Pakatan succumbed to ‘moral cowardice’ in death penalty u-turn, says Lawyers for Liberty

N Surendran, the group advisor of Lawyers for Liberty, criticised the Pakatan Harapan administration’s decision to retain the death penalty for selected offences. — Picture by Yusof Mat Isa
N Surendran, the group advisor of Lawyers for Liberty, criticised the Pakatan Harapan administration’s decision to retain the death penalty for selected offences. — Picture by Yusof Mat Isa

KUALA LUMPUR, March 13 — Lawyers for Liberty (LFL) has criticised the Pakatan Harapan administration’s decision to retain the death penalty for selected offences, calling it shocking and  unprincipled.

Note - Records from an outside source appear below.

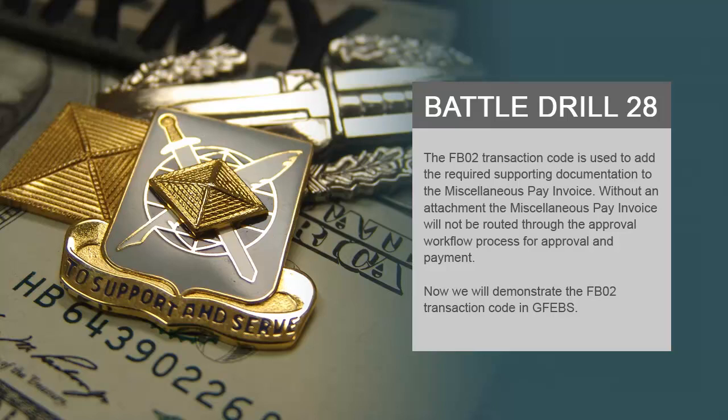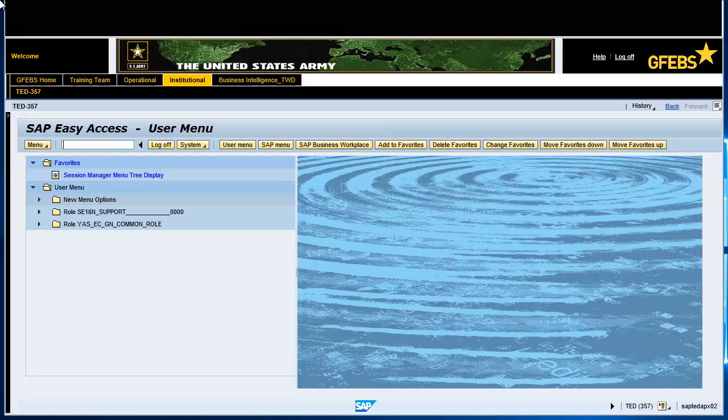The FB02 transaction code is used to add the required supporting documentation to the miscellaneous pay invoice. Without an attachment, the miscellaneous pay invoice will not be routed through the approval workflow process for approval and payment. Now we will demonstrate the FB02 transaction code in GFIBS.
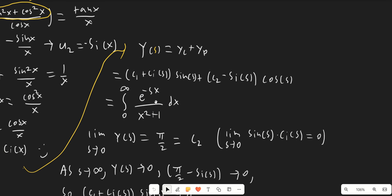If we take the limit as s goes to 0, the integral from 0 to infinity of 1 over x squared plus 1 equals pi over 2. Plugging s equals 0 into the general solution: Si(0) is 0, cosine(0) is 1 giving us c2, sine(0) is 0 so the c1 term cancels, and the limit of sine(s) times Ci(s) equals 0 because Ci is on the order of ln(s), which can be shown by L'Hôpital's rule. So pi over 2 equals c2.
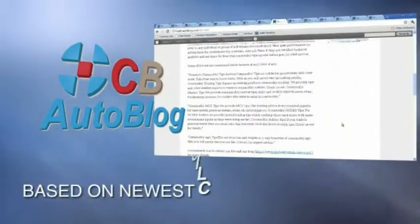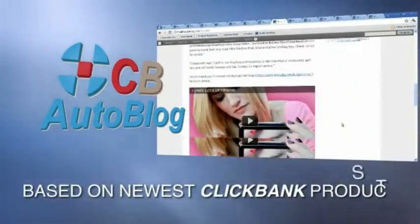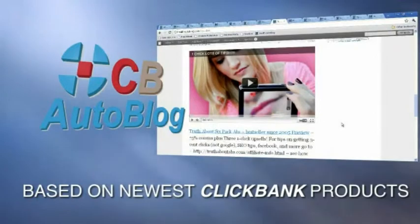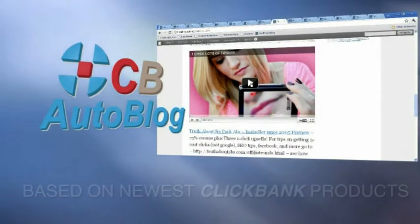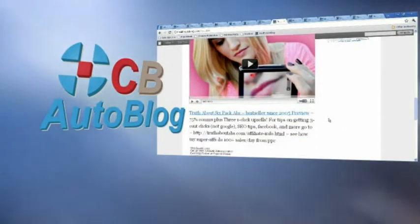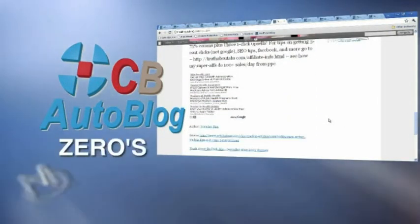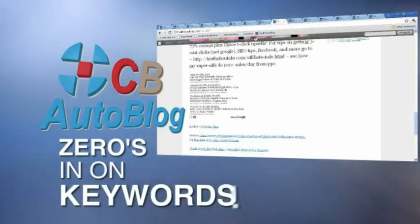Posts are generated daily based on the newest Clickbank products. This is not just another spam auto blog.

N Surendran, the group’s advisor, said Deputy Law Minister Hanipa Maidin’s announcement this morning that Putrajaya will only repeal the mandatory death penalty for 11 offences was a full turnaround from a Cabinet decision made in October 2018, and a key election promise.

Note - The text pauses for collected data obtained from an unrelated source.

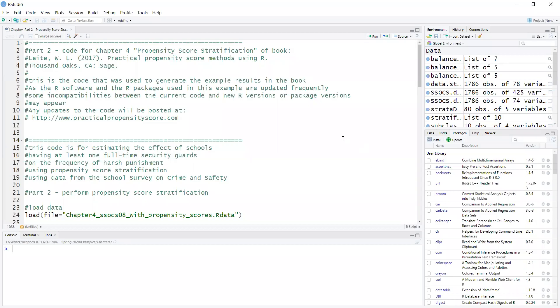Hello, this is Walter Leitchi and in this video I will show you how to do propensity score stratification. This video corresponds to chapter 4 of my book, Practical Propensity Score Methods Using R.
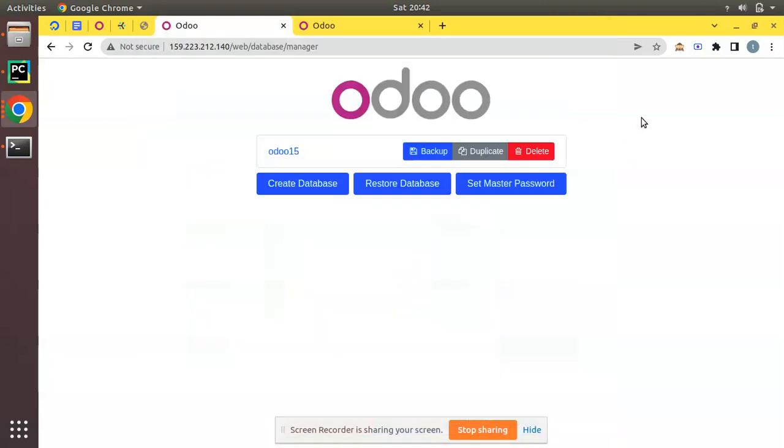Hello, good morning all. Today in this video we are going to discuss how to configure a domain name for our Odoo instance. Currently on the screen you are seeing Odoo version 15, which I have configured in my remote server. You can see I am currently accessing it with IP address 159.223.212.140. Once I enter this IP address, you can see my Odoo instance is accessible.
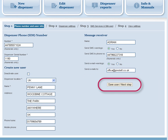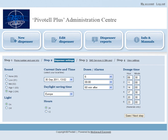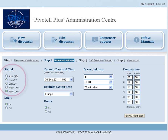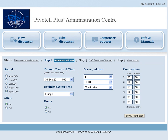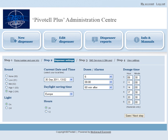Click Save and the screen will move to Step 2, Dispenser Settings. Select the required sound — High 2 is the loudest — and whether the flashing light is to be on or off. The current United Kingdom time will be correctly displayed in the current date and time field. Select Europe for automatic daylight saving time adjustment. We recommend that the 24-hour clock is used.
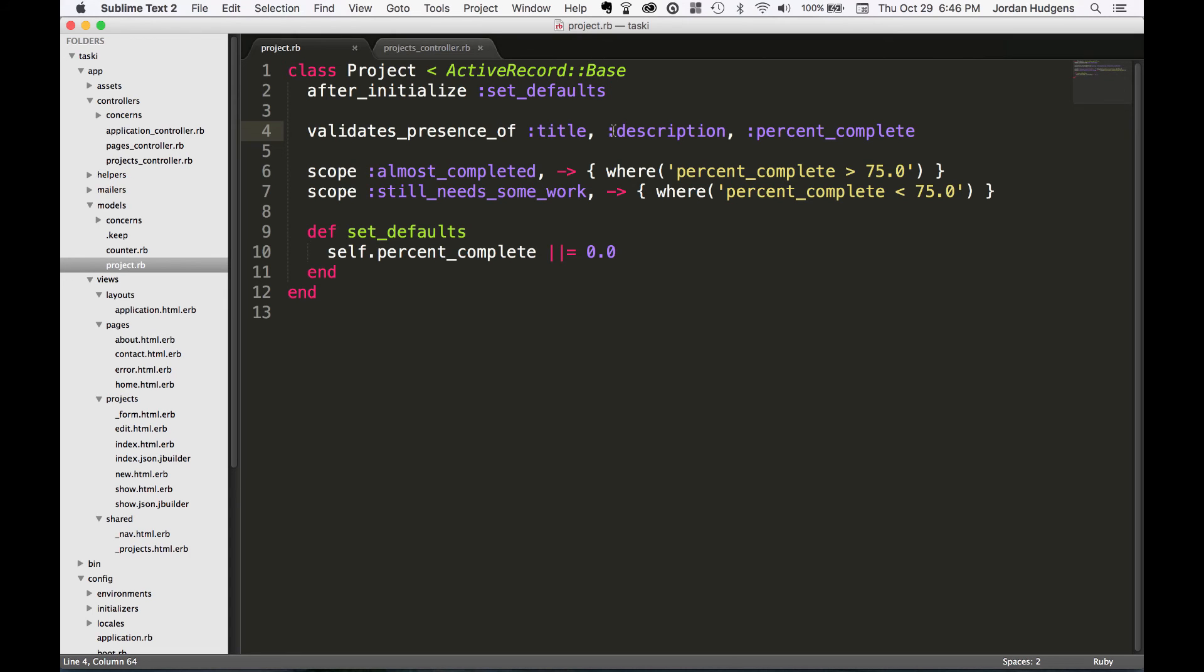Validates presence of is something I do probably with every application I have. It's pretty rare that I'll have a model that doesn't require at least some value to be filled in, and you can see how easy it is to integrate it just like we just did.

The former Bagan Serai MP claimed the reversal followed conservative pressure, and that PH had failed to display moral leadership.

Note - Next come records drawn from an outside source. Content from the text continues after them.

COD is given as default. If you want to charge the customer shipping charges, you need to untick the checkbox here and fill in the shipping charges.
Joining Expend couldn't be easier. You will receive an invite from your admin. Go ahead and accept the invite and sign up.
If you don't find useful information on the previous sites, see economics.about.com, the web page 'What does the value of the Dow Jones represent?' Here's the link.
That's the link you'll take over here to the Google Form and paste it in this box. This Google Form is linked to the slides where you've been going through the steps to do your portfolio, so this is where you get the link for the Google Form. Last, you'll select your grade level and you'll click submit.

“This is a complete u-turn from the announcement made by the Cabinet in October 2018, in which the Cabinet decided for total abolition of the death penalty and gave a public undertaking to this effect,” he said in a statement.

“The reversal of the earlier decision is shocking, unprincipled and embarrassing.”

Hanipa told the Dewan Rakyat this morning that the mandatory death penalty for 11 criminal offences are to be repealed and substituted with the death penalty imposed at the discretion of the court.

Nine of the offences are listed under the Penal Code and two under the Firearms (Increased Penalties) Act 1971, the deputy minister in the Prime Minister’s Department said.

Surendran alleged the decision was meant to prevent a political backlash.

He claimed certain component parties and prominent PH leaders had wanted the death penalty retained.

“In giving in to unjustified pressure and irrational objections, Pakatan Harapan failed to display moral leadership, but instead succumbed to moral cowardice,” the former MP said.

Civil society groups have long called for the death penalty to be scrapped. They argued no available study show judicial execution to be an effective deterrent of serious crime.

Surendran said the policy reversal is also unfair for the thousands of convicted or charged persons  on death row that would have otherwise been relieved.

“To hold out hope of being spared the gallows, only to have the hope snatched away again is extremely cruel and unjust,” the lawyer argued.

“It is unacceptable for the convicts to be treated in this manner, and it is utterly devastating for their families.”

LFL has urged the government to reverse their decision and table a bill in this session of Parliament to completely abolish the death penalty.

It also wanted the current moratorium on executions to be maintained pending total abolition of the death penalty.